If we rethink the museum through the amusement park, it may look like the former derives from the latter more and more. An open fair like the Documenta or an open museum like the Inhotim is not much different from a visit to Coney Island. We go from one trinket to another, seeking yet another original experience. We plan for some intensity and anticipate the rush. We form lines to enter each attraction. We wait. But while Coney Island may satisfy our hunger once in a while, tampering with the death drive with adrenaline boosts, most artworks are lackluster and disappointing from the point of view of bodily violence. As the reader may know, most art is terrible, and there is not much else. But at least at Coney Island, if your ride sucks, you just got a good shake of the legs. Now, you can sit at the dock and watch the tide coming and going while you enjoy the post-cochlear dizziness.

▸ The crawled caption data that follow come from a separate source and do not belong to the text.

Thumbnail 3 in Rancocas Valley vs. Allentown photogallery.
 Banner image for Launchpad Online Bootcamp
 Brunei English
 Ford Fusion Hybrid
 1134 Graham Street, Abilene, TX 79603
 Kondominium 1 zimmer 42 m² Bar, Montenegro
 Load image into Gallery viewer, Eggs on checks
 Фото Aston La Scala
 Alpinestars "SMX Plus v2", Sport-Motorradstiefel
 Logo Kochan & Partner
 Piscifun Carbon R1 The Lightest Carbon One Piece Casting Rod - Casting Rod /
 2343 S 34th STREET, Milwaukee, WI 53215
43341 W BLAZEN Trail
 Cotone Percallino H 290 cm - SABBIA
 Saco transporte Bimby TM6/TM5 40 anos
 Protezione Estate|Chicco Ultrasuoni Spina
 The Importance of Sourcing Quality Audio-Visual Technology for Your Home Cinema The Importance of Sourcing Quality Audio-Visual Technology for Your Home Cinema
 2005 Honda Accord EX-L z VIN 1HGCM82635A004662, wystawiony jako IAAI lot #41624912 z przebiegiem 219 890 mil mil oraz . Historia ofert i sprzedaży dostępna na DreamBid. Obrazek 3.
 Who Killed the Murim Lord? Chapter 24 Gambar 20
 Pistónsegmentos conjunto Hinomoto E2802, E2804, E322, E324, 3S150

Finally, my third point is that Coney Island has a better vibe overall. Art fairs are too pretentious, too full of petit bourgeoisie types trying to expiate their class sins. They give off a strange mixture of resentment and guilt. And they are trying to hand-feed you Takes while at it, to which they employ a rather condescending tone. Contemporary art is humorless. When it's comical, it's calculated. I have no good memories with friends at contemporary art fairs because the sociability of art fairs is systematic. I have never heard a good joke in a New York City gallery because jokes require looseness of relation. Instead, the artworks are always the punchline there. A tight-minded aristocracy keeps its level around them. They smell of expensive shampoo. Coney Island smells like sweat, salt, and foam. In a time when alt-lit revival accounts seek the Angelic Singularity in a race for the ultimate avant-garde, broken spaces such as that relinquished little segue of amusement parks on the beach emerge as glossy gems in the holy grail of the apocalypse.

Thinking of Coney Island, I understand why Baudrillard was obsessed with Disneyland. The fantasy landscape of something else offers itself in lieu of any predictability against the backdrop of capitalistic unevenness. At worst, it's very curious; at best, revolutionary—the crystallizing membrane of a liminal space folding American society like a bouquet. The Coney Island Art Fair, as I should call it, is well worth a visit. I can't say anything about those other ones, for sure. They will undoubtedly leave a worse taste in your mouth. When you are back home, reclining in your chair, exhausted from the day out, the after-memory of the beach won't be as hollow as the reminiscences of the dreary art you're forced to witness in those places. You won't have such a lousy consciousness either and won't feel the need to confess your sins. The art world wants to take you on the Alterity Safari, where they'll immediately direct you to the Booth of Transcendental Shame. Coney Island, its antidote, is a banquet for the body.